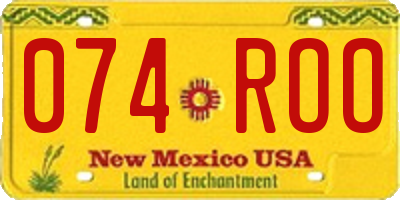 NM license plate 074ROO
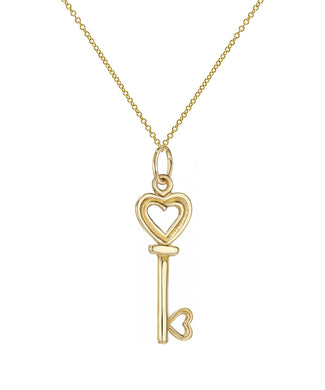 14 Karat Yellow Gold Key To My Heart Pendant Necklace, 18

*****

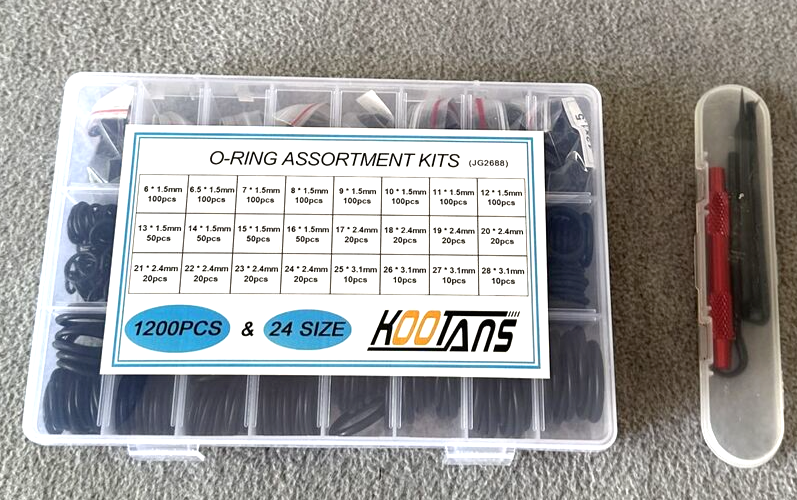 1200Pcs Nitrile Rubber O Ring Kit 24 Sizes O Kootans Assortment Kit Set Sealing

*****

What is required:
In the records above, find the line with "NM license plate 074ROO" and the line with "14 Karat Yellow", then restate word for word only those two lines and all lines between, omitting pictures.

Result:
 NM license plate 074ROO
 14 Karat Yellow Gold Key To My Heart Pendant Necklace, 18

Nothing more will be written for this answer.